In 1934, with the possibility of migrants coming from Hitler’s Reich, The Daily Mail urged readers to “Give the Blackshirts a helping hand”. In 1968 Enoch Powell’s infamous “Rivers of Blood” speech warned of civil unrest unless Commonwealth immigration was stopped.
All these blustering defenders of the island kingdom against the oncoming tide of foreigners imagined themselves to be sustaining and protecting the inherited purity of British institutions and history. But those institutions have been anything but insular in their origins and character. Look at the names of the 25 barons who obliged King John to sign the Magna Carta and you will see that the vast majority were Norman French; the language spoken almost exclusively by the Angevin kings. The Bill of Rights of 1689 which established, irreversibly as it turned out, our constitutional monarchy, only came about as the result of a Dutch invasion, which for 18 months quartered 20,000 troops in London. The ex post facto justification was that William of Orange had been “invited” by a circle of Whig aristocrats. But the truth was that William was coming to England, invitation or not, since the life or death of the Dutch Republic depended on Britain joining the struggles against Louis XIV.
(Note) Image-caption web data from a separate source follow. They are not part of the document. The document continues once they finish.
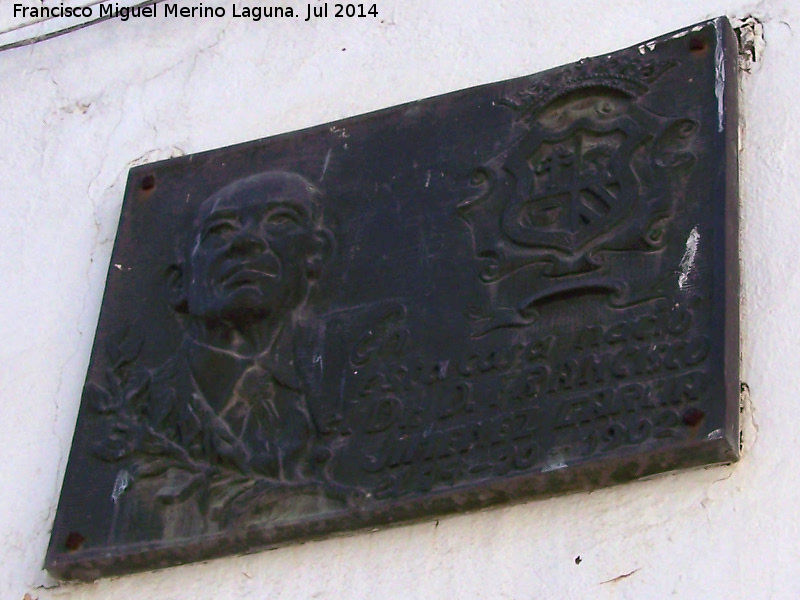 Casa Natal del Doctor Francisco Jim�nez - Casa Natal del Doctor Francisco Jim�nez. Placa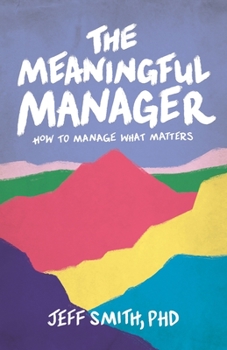 Paperback The Meaningful Manager: How to Manage What Matters Book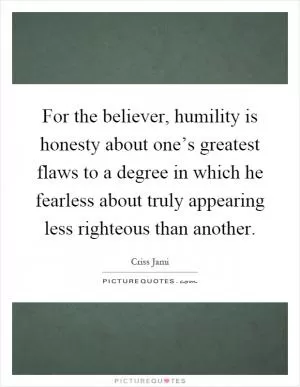 For the believer, humility is honesty about one’s greatest flaws to a degree in which he fearless about truly appearing less righteous than another Picture Quote #1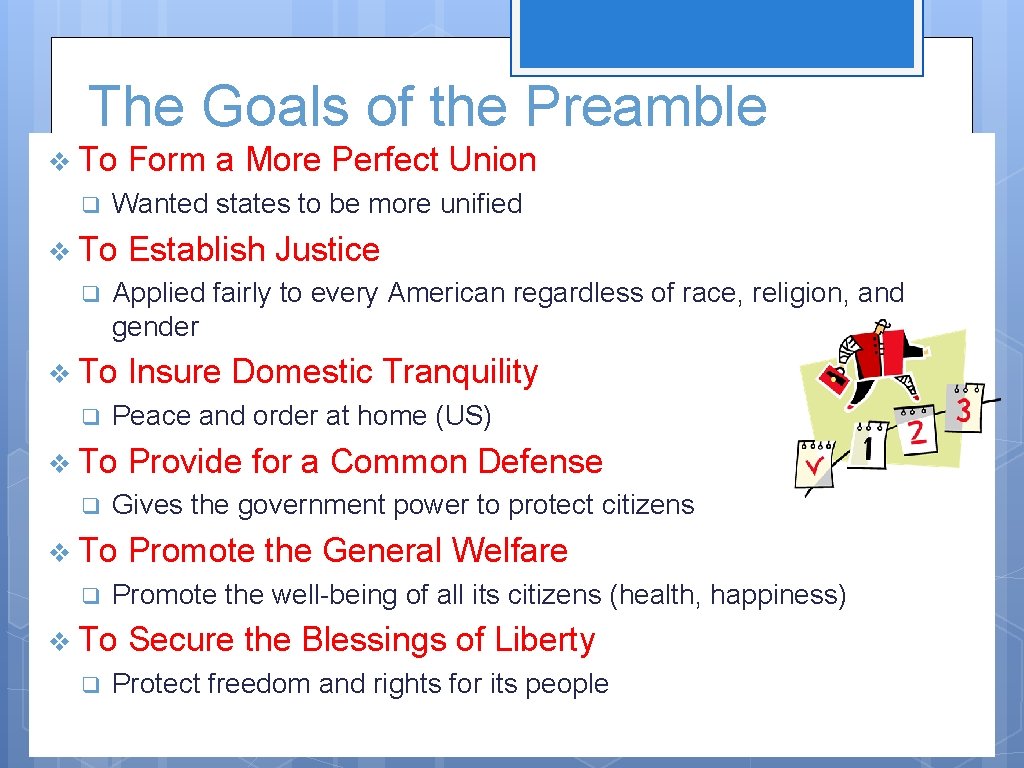 The Goals of the Preamble v To q Wanted states to be more unified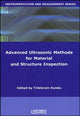 Book cover of: Advanced Ultrasonic Methods for Material and Structure Inspection. By: Tribikram Kundu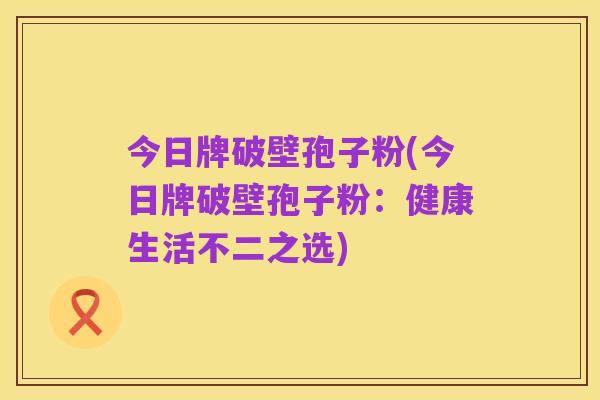 今日牌破壁孢子粉(今日牌破壁孢子粉:健康生活不二之选)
The Bill of Rights was the product of our being pulled into a European coalition committed to resisting the absolutism which just four years earlier had made Protestantism illegal in France.
Britain was the beneficiary of that act of intolerance. Some 50,000 Huguenots, among them Mr Farage’s ancestors, resettled in Spitalfields, to the enduring benefit of the country. Two centuries later the Jews in much greater plight and numbers occupied those same streets. My grandparents moved into Fieldgate Street, once the home of Huguenot silk weavers. In the 1960s my mother, then working in Whitechapel and Stepney, welcomed the next wave of Bengali immigrants; one of whom, she enjoyed telling people, rose to be head cook at Bloom’s kosher salt beef restaurant.
At this point of course Boris Johnson, Mr Gove, Mr Farage and the Brexiters shout “This is nothing to do with the EU”, bang their tin drums and strike up the “unaccountable Brussels bureaucrat” chorus; chanting the £350m-a -week whopper.
But as they well know, immigration allergy is the open secret of its mass appeal. Mr Farage’s poster was just the giveaway. The choice next Thursday is between an open or a closed Britain; between an outward facing or an inward-facing one; between the past and the future, which is why the vast majority of the under-25s want to Remain. The mantra that we will be liberated from Europe to go out into the world is a disingenuous fantasy. The WTO makes agreements through the EU. There will be no special deal for the UK. We will be back of the queue. We will not be reclaiming our sovereignty; we will simply be alone.
If, finally, I invoke the memory of Jo Cox, it is not to exploit her death but to honour her morally magnificent and cruelly ended life. She was as homegrown Yorkshire as you could get. But she understood with instinctive decency that to be British was also to be a citizen of the wider world including Europe; that the two identities were mutually sustaining not mutually exclusive; that no man is an island.
She was the impassioned champion of the Syrian people, tormented and uprooted by their unrelenting war. Her maiden speech said it all: “Our communities have been deeply enhanced by immigration . . . what surprises me time again as I travel around the constituency is that we are far more united and have far more things in common with each other than things which divides us.”
She was, she said, a celebrant of diversity. And that, too, is what makes our country a United Kingdom.